Cook the Book: Bagels, Schmears, and a Nice Piece of Fish

By: The Local Palate

Cathy Barrow’s wisdom brings elegant (and deceptively easy) brunches from her Maryland home into our kitchens.

Few baking projects scare me. Bagels, for a long time, were one of them. Even though a chewy, everything-seasoned bagel is my favorite breakfast, the process as I knew it seemed labor intensive and gave too much room for error. Even for a self-proclaimed baker like myself.

My resolve changed when Cathy Barrow’s book Bagels, Schmears, and a Nice Piece of Fish: A Whole Brunch of Recipes to Make at Home came across my radar. The winning name alone sold it (it’s the holy trinity of breakfast foods). However, Barrow’s experience with bagels hit home: Growing up in Ohio (the state where I fell in love with bagels during my college years!), she relied on her grandmother to connect her to the East Coast treats. Throughout the year, her grandmother would fly from Boston to Toledo, bearing a hatbox brimming with bagels. 

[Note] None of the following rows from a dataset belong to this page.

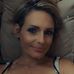 Heidi Best - Facebook
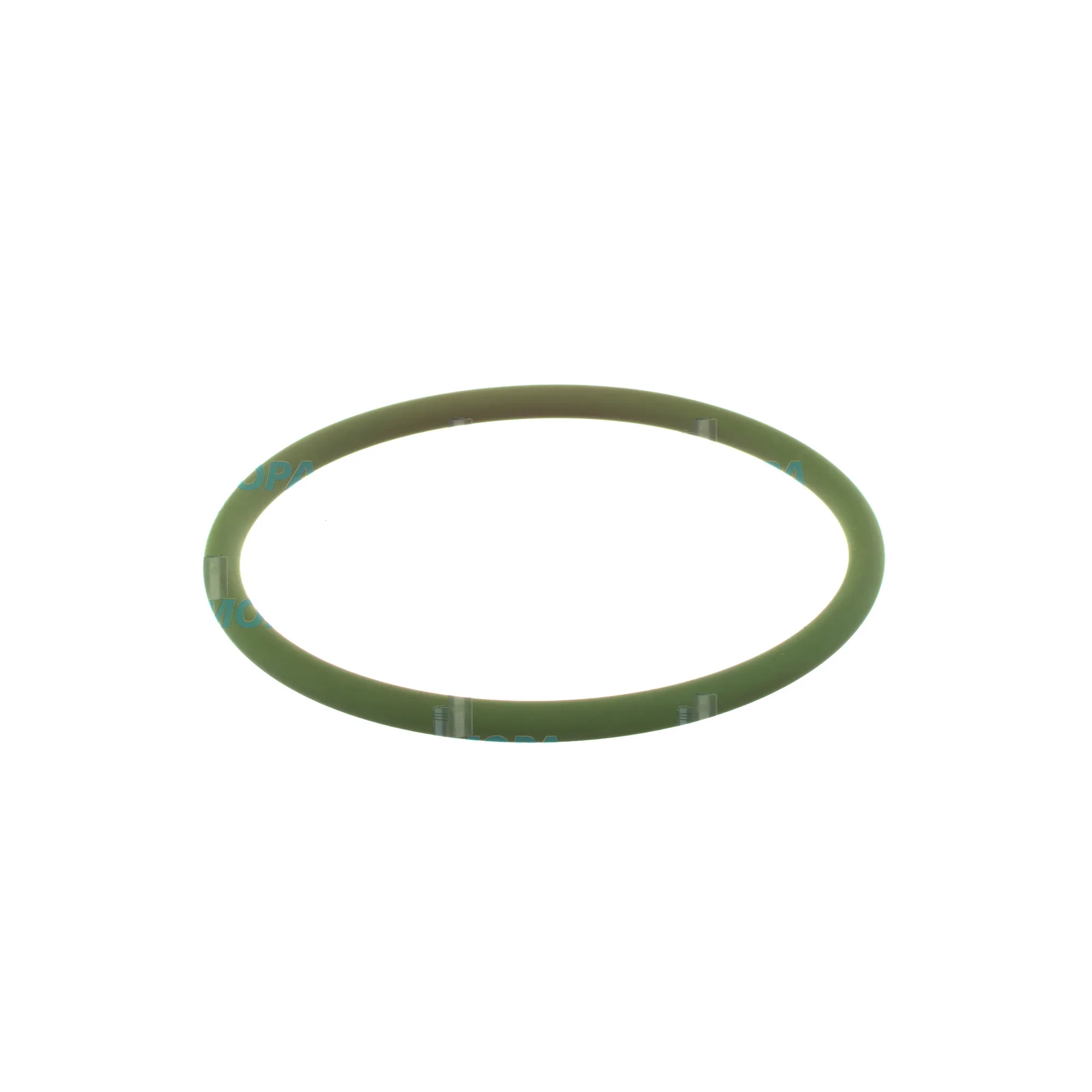 RUNDDICHTRING - 628/90/400/05029876 passend für MWM & Deutz Motoren 5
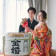 神田明神 明神会館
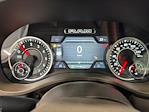 New 2025 Ram 1500 Laramie Crew Cab 4x4 Pickup for sale #R7612 - photo 36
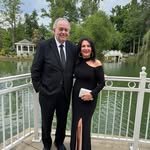 David Morrisey - @dmorrisey_ - Instagram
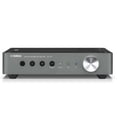 thumbnail image 4 of Yamaha WXC-50 MusicCast Wireless Streaming Preamplifier, 4 of 9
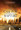 The Case for a Pretribulational Rapture (DVD) by Charlie Campbell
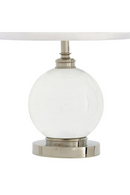 Glass Table Lamp | Eichholtz Octavia | OROA TRADE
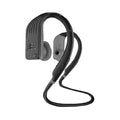 JBL Endurance Jump by DailySale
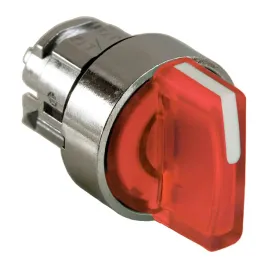 glowka-przelacznika-zb4bk1343-schneider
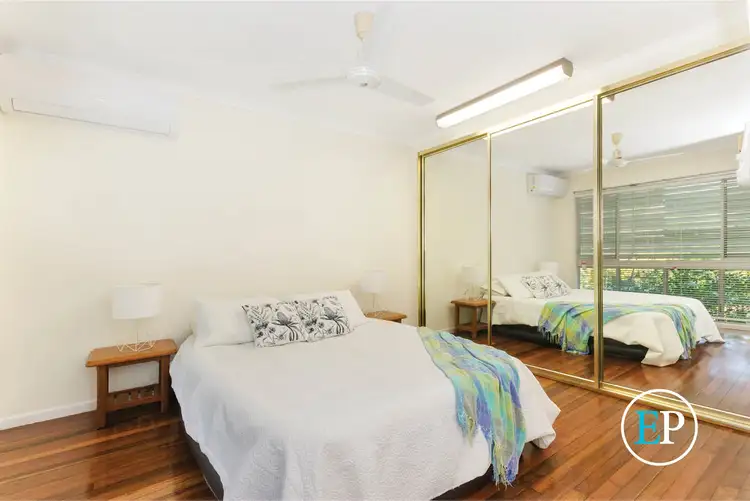 Fifth view of Homely house listing, 10 Kepler Street, Wulguru QLD 4811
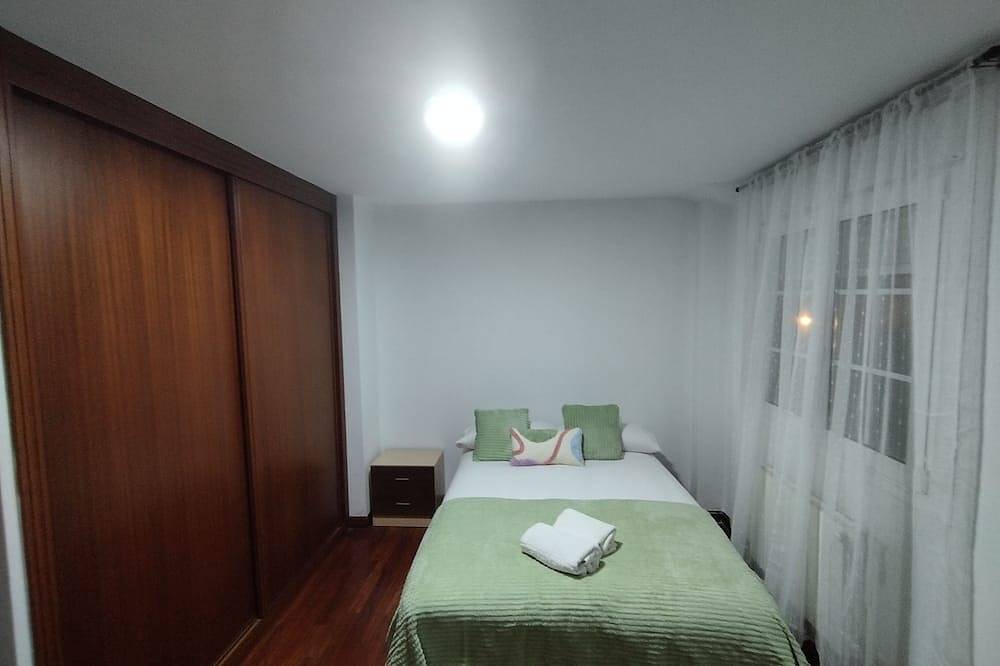 Espectacular Casa Rural en Espinosa in Espinosa de los Monteros, Cordillera Cantábrica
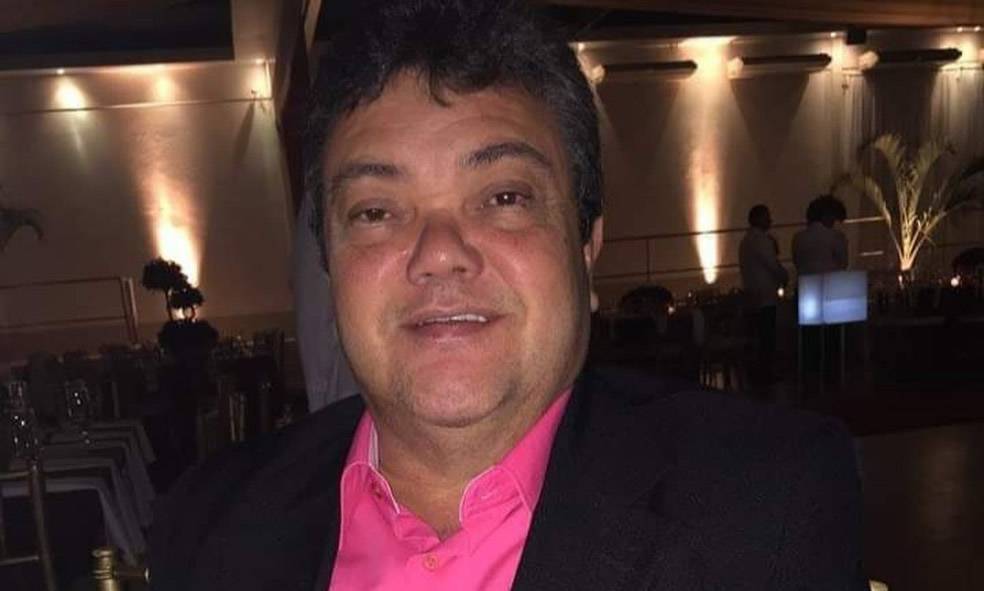 ASSISTA: em vídeo, senador Confúcio Moura se diz preocupado com pandemia e lamenta morte de amigo pela Covid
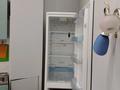 1-бөлмелі пәтер · 43.5 м² · 4/12 қабат, Толе би — Тлендиева, бағасы: 180 000 ₸ в Алматы, Ауэзовский р-н — фото 7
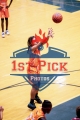 1stPickphotos.com_152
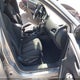 1C3CDFBA4DD298629 2013 Dodge Dart Sxt auction photo thumbnail 5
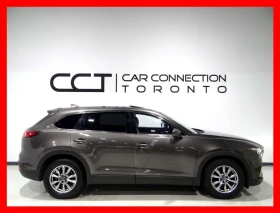 Mazda CX-9 * Touring * CARFAX * ���� �� �� | Mobile.bg � ����� ������ 6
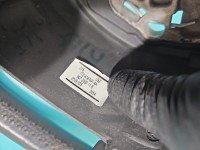 Kierownica Vw Tiguan I 07- 1T0419091AA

The novelty fascinated young Barrow, and as an adult she experienced her own love affair with New York bagels. But troubles arose when she attempted to make them in her home near Washington DC. Her endeavors following the very path I feared: “[…] recipe after recipe, they were doughy, they lacked the proper structure, and the flavor was dull. They were just rolls with holes.”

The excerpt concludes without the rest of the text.